* [TASK BRIEF]: Transcribe the data verbatim and drop its images.

=== RECORDS TO USE ===

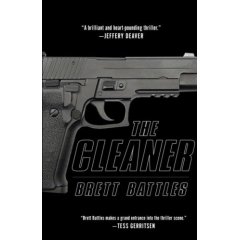 cleaner review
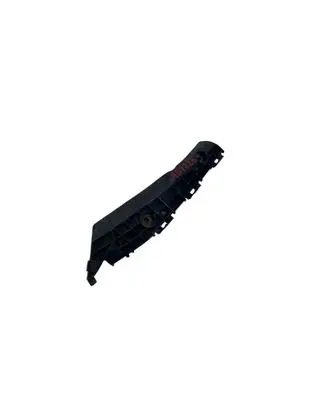 Toyota Urban Cruiser (XP110) Rear bumper mounting bracket 5257552150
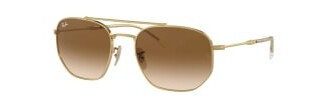 Ray-Ban RB3707 001/51 5420 Ray-Ban RB3707 001/51 5420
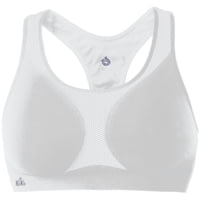 Isis Sport Bra - Women's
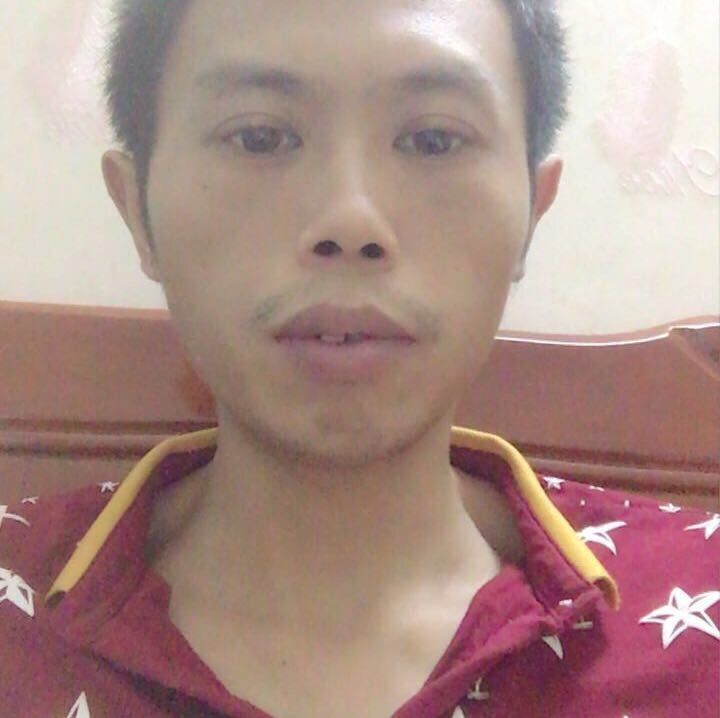 拖沓的第一张照片--宁波相亲服务中心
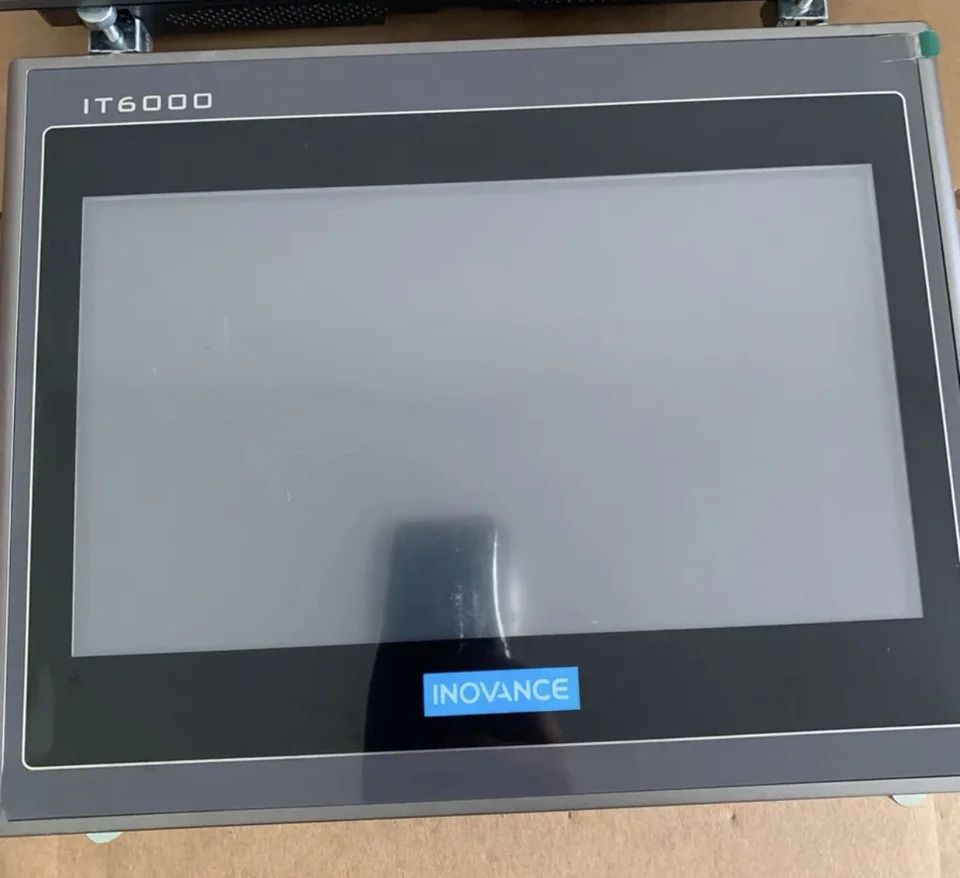 리퍼 터치스크린인치 IT6100E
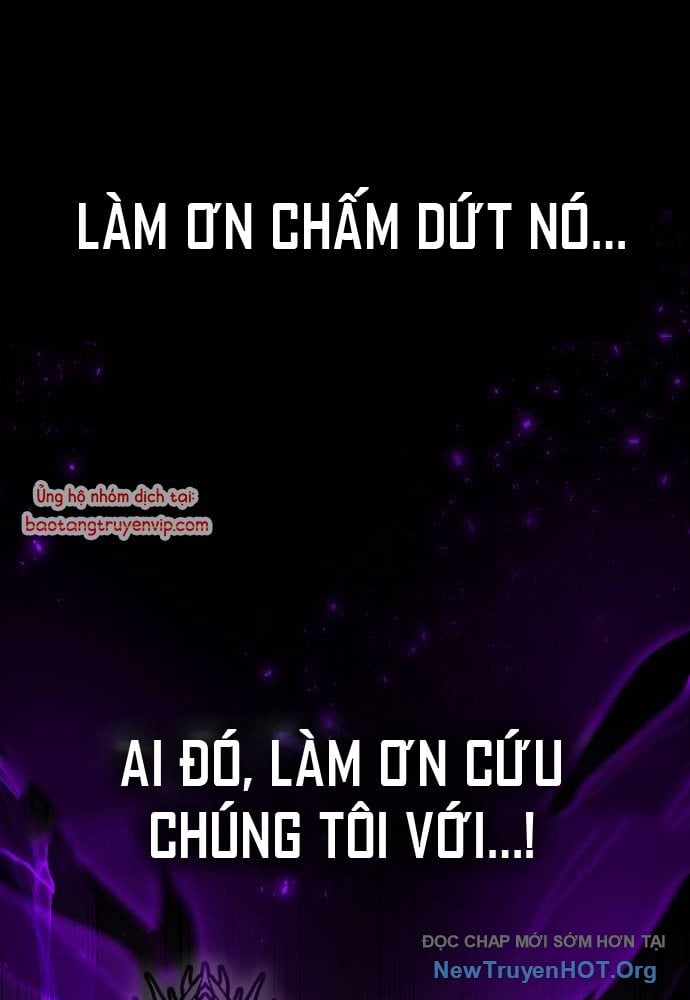 Người Chơi Che Giấu Quá Khứ: Chapter 80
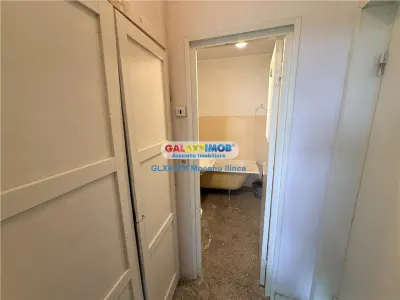Vanzare apartament 3 camere, zona Cina, Ploiesti - foto 6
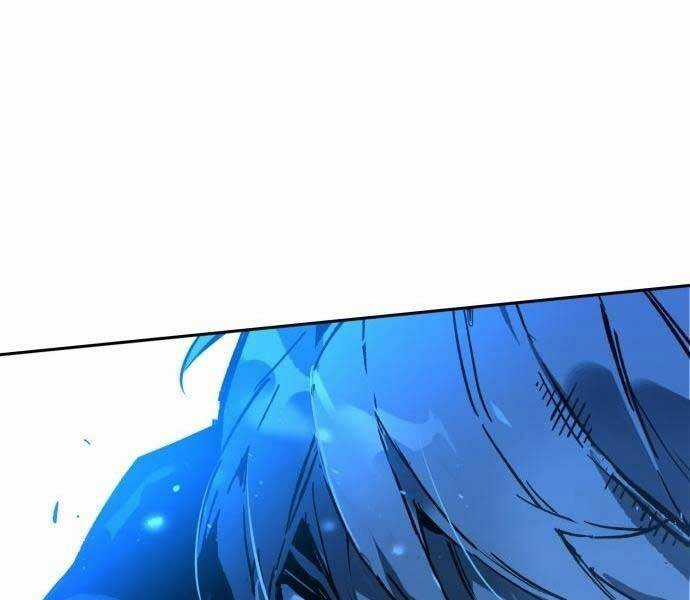 Bạn Học Tôi Là Lính Đánh Thuê Chapter 137 trang 93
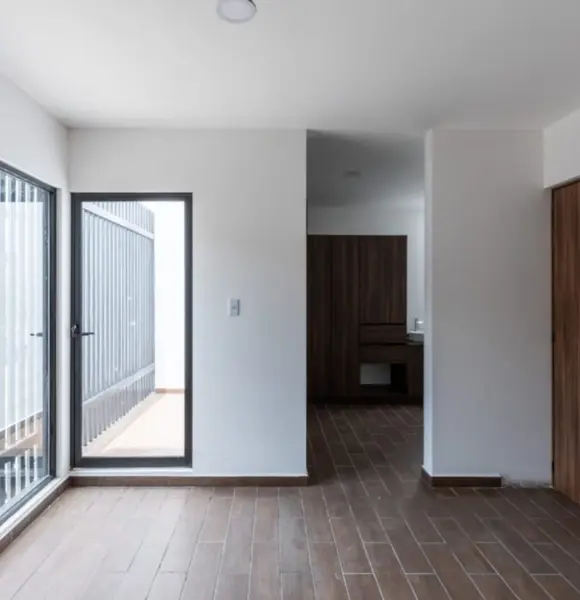 Casa en venta en Lomas de Angelópolis, San Andrés Cholula — foto 2 de 6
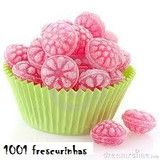 1001 frescurinhas
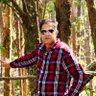 Partha Das🇮🇳 profil fotoğrafı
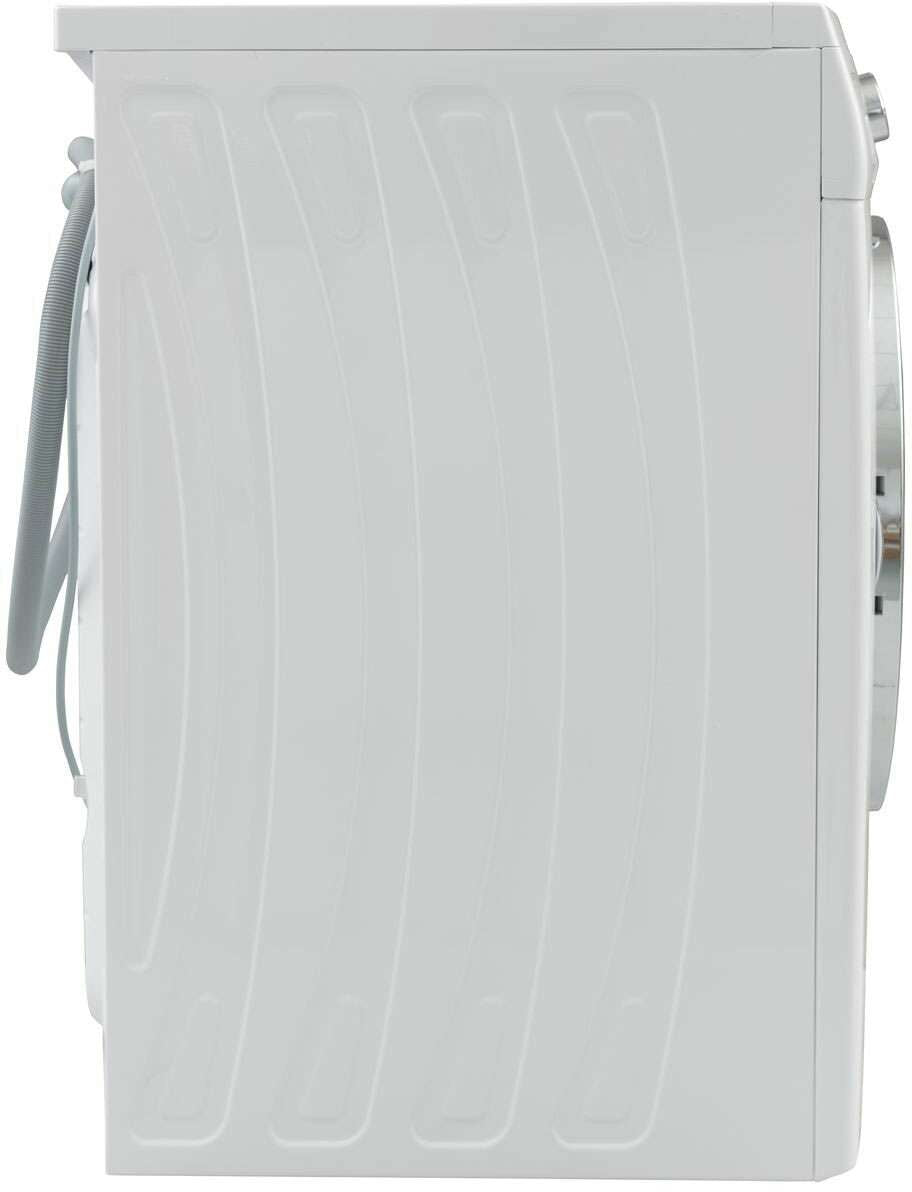 Artusi 8kg/4kg Dryer & Washer Combo AWD845W | Greater Sydney Only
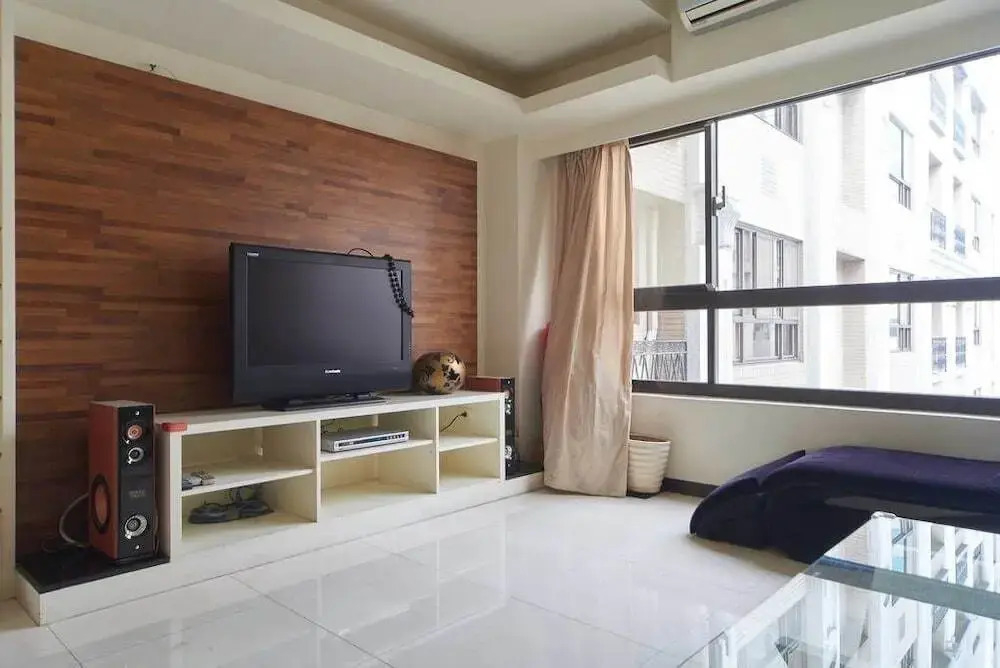 Taipei Easy Stay Inn - Serviced Apartment-Taipei Ritz 101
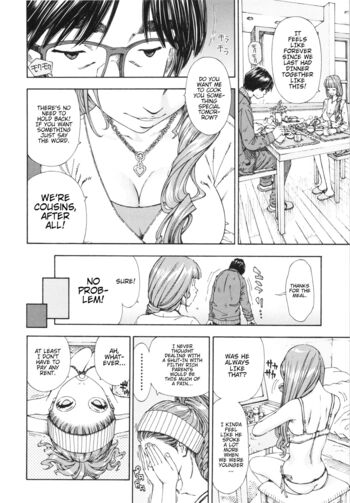 Page 150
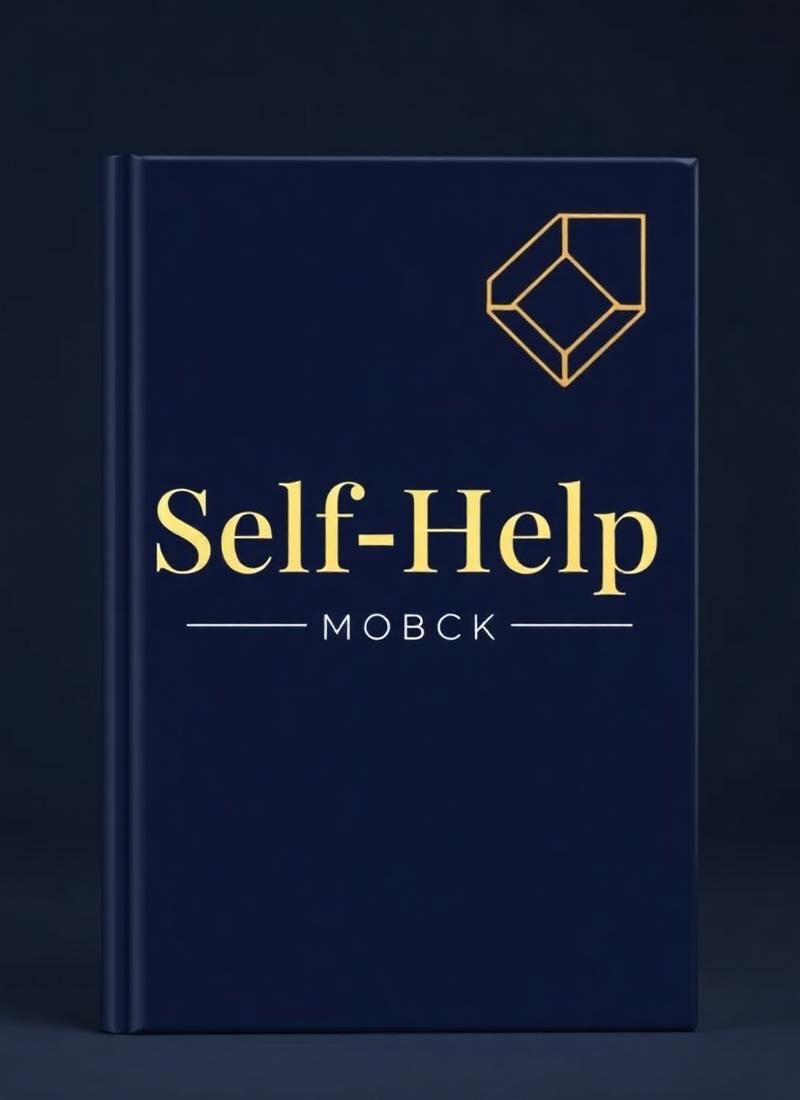 Book by Jonas Pemberton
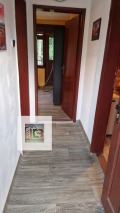 Продава КЪЩА, област Русе, с. Пепелина • 55000 € • 81111837 — Holmes.bg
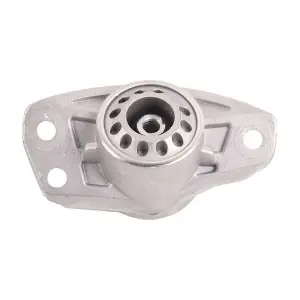 BF0335750041 BAPMIC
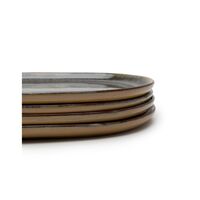 Surface Tapas-Teller L Indi Grey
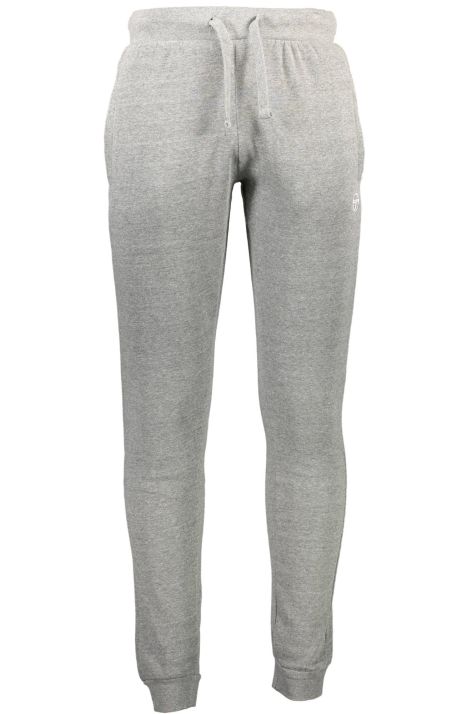 Men's Trouser Sergio Tacchini  Regular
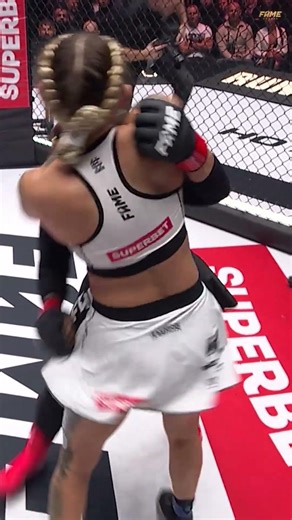 ZAWODNICZKA ROKU: Dorota "Gliniara" Kochanek #shorts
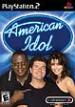 American Idol Image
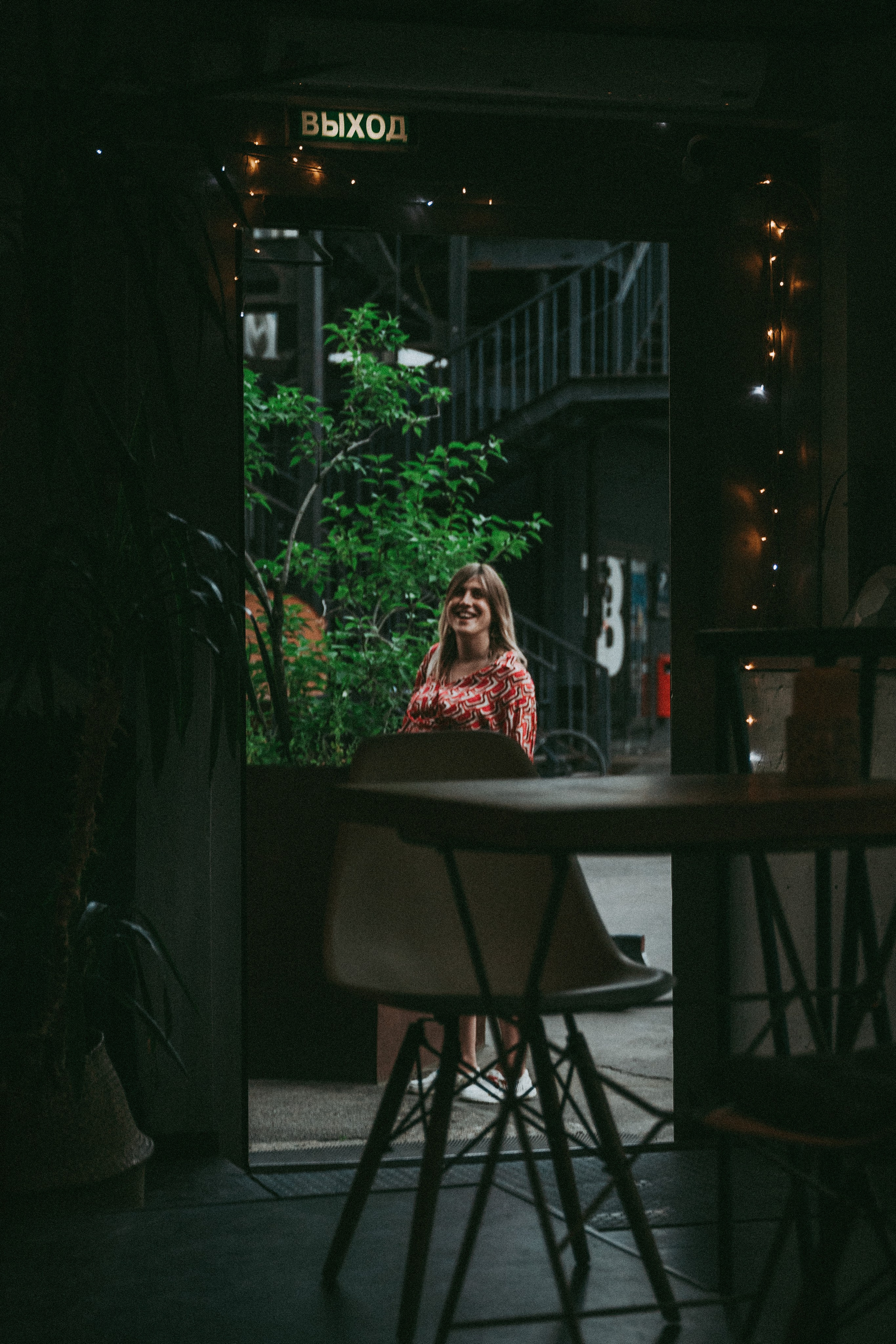 Беременность. Семейный и детский фотограф в Москве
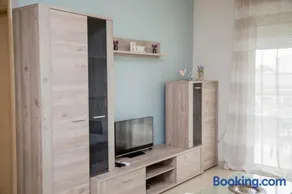 Apartment near the circuit of Serres and Center!!! - Image 2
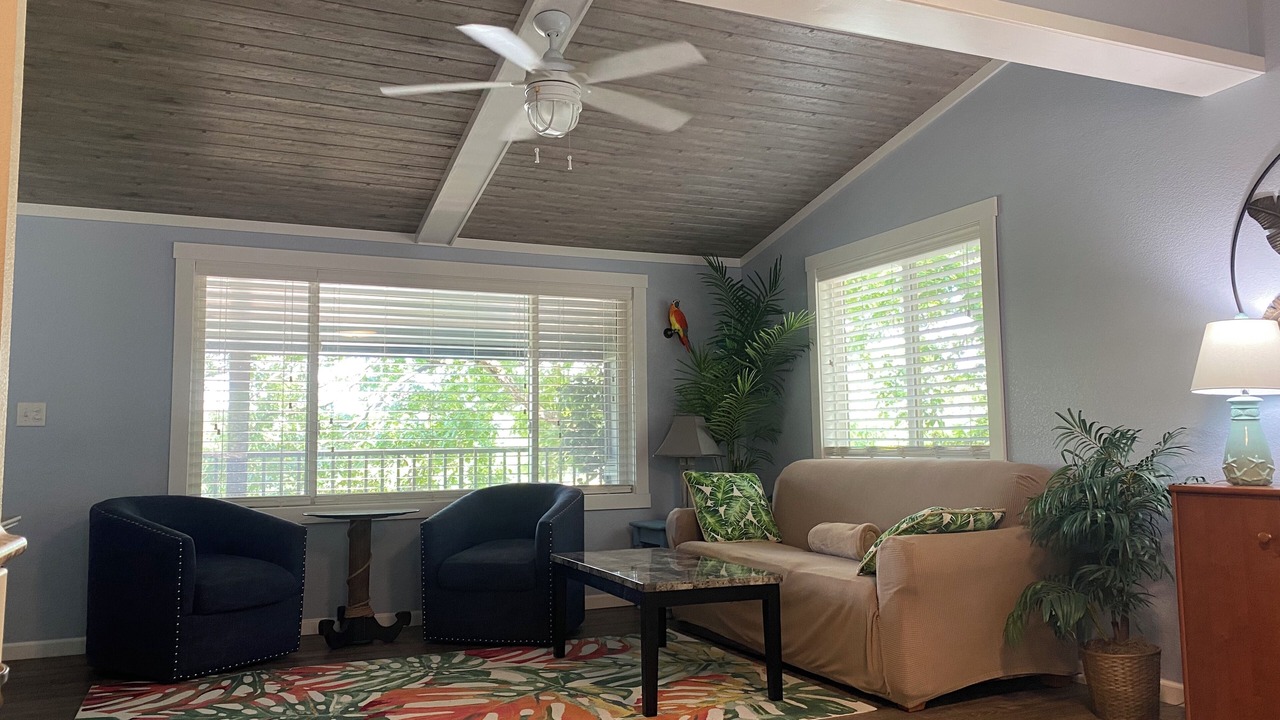 Photo of Livingroom in Lake Ozark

===

* [SOLVED EXERCISE]:
 cleaner review
 Toyota Urban Cruiser (XP110) Rear bumper mounting bracket 5257552150
 Ray-Ban RB3707 001/51 5420 Ray-Ban RB3707 001/51 5420
 Isis Sport Bra - Women's
 拖沓的第一张照片--宁波相亲服务中心
 리퍼 터치스크린인치 IT6100E
 Người Chơi Che Giấu Quá Khứ: Chapter 80
Vanzare apartament 3 camere, zona Cina, Ploiesti - foto 6
 Bạn Học Tôi Là Lính Đánh Thuê Chapter 137 trang 93
 Casa en venta en Lomas de Angelópolis, San Andrés Cholula — foto 2 de 6
 1001 frescurinhas
 Partha Das🇮🇳 profil fotoğrafı
 Artusi 8kg/4kg Dryer & Washer Combo AWD845W | Greater Sydney Only
 Taipei Easy Stay Inn - Serviced Apartment-Taipei Ritz 101
 Page 150
 Book by Jonas Pemberton
 Продава КЪЩА, област Русе, с. Пепелина • 55000 € • 81111837 — Holmes.bg
 BF0335750041 BAPMIC
 Surface Tapas-Teller L Indi Grey
 Men's Trouser Sergio Tacchini  Regular
 ZAWODNICZKA ROKU: Dorota "Gliniara" Kochanek #shorts
 American Idol Image
 Беременность. Семейный и детский фотограф в Москве
 Apartment near the circuit of Serres and Center!!! - Image 2
 Photo of Livingroom in Lake Ozark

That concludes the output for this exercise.